Avec saint Jean, dont Mgr Léonard nous disait l’année dernière qu’il avait résumé tout son Évangile dans cette phrase « Dieu a tant aimé le monde qu’Il lui a donné son Fils unique, afin que quiconque croit en lui ne périsse pas, mais qu’il ait la vie éternelle » (Jn 3, 16), tout est dit, effectivement : au départ, un amour infini, celui de Dieu le Père pour le monde. Saint Jean insiste, dans sa première lettre : « Ce n’est pas nous qui avons aimé Dieu, c’est Lui qui nous a aimés » (1 Jn 4, 10). Au terme, l’amour infini encore, puisque la vie éternelle, c’est la contemplation sans fin de l’amour de Dieu qui a agi en nous, partout dans l’espace et toujours dans le temps, grâce à l’Esprit qui a « rempli l’univers » ainsi que nous l’avons chanté hier (cf. Sg 1, 7). Entre le principe et la fin, entre le point de départ et le point d’arrivée, l’amour encore nous soutient, mais là, nous sommes profondément impliqués. Le Seigneur nous demandera au cours du Jugement Dernier : comment m’as-tu aimé, comment as-tu aimé ton prochain ?

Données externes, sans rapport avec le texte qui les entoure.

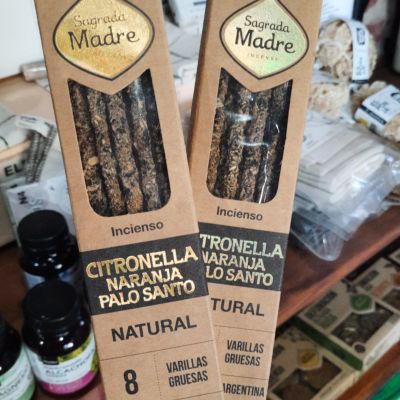 Sahumerio de citronela y naranja natural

Aujourd’hui, chers frères et sœurs, en pensant à Notre-Dame de Chartres, en priant pour toutes nos familles, pour nos amis, mais aussi pour nos ennemis, décidons d’être, en compagnie de nos anges gardiens, des pèlerins de l’amour qui acceptent de recevoir leur vie comme un don à rendre au Père de toutes les miséricordes (cf. 2 Co 1, 3). Confions-nous à Notre-Dame de la Route, qui fait tout ce chemin avec nous et demandons-lui de nous inspirer de ne jamais abandonner notre vocation chrétienne. Laissons-nous saisir par le Christ pour être offerts par Lui au Père, dans le feu de l’Esprit saint.
Au nom du Père, du Fils et du Saint-Esprit. Ainsi soit-il.